November 03, 2013

When sbt Multi-projects and Heroku Collide

For those wondering how the tools of sbt and Heroku can combine in new and wonderful ways, please read on. This is how I succeeded in deploying many sub-projects as separate applications via one Github repo and one SBT multi-project.

For the tl;dr, go to the end for the bullet point list.

In the Scala world, sbt is a very popular build tool, and I am making use of its multi-project feature. Multi-projects enable a great workflow for me. I am growing a set of small services by vertical slices, which creates small changes across each service with each slice. Working with many individual projects (each with their own git repo) would have been more overhead than I wanted for this small project.

Now, with the 0.0.2 release, one major part of the goal was to deploy the code to an external platform-as-a-service. For the PAAS, I chose Heroku as they have a very compelling (free) offering for those who are just dipping their toes into the water of PAAS like me. Heroku also has a very slick workflow -- just push to a remote git repo and you are done, right?

Of course, things are never quite that simple.

Subdirectories

The first hurdle was that I ran into was deploying services from subdirectories. Heroku's normal operation assumes that you are deploying one application from the root directory of your git repository. Unfortunately, sbt multi-projects create artifacts in subdirectories, so I cannot simply deploy from the root directory.

This problem can be resolved by revising your git workflow, and not pushing to Heroku from your root directory.
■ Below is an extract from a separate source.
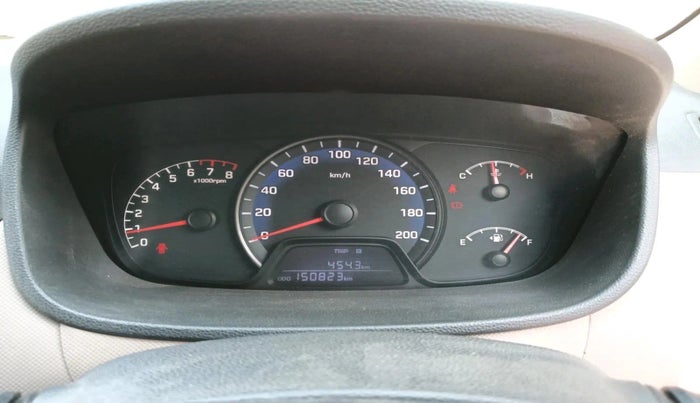 2014 Hyundai Xcent S 1.2, Petrol, Manual, 1,50,886 km, interior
One good example of this workflow is using the git subtree extension to git to separate the subdirectories. (Credit goes to this StackOverflow post for my first introduction to the idea.)

I think that the git subtree workflow mentioned in the StackOverflow post would work for most builds across most platforms, especially ones that have minimal or no Heroku-side compilation involved. I have a simple project, so pushing a subdirectory using git subtree should just work, right?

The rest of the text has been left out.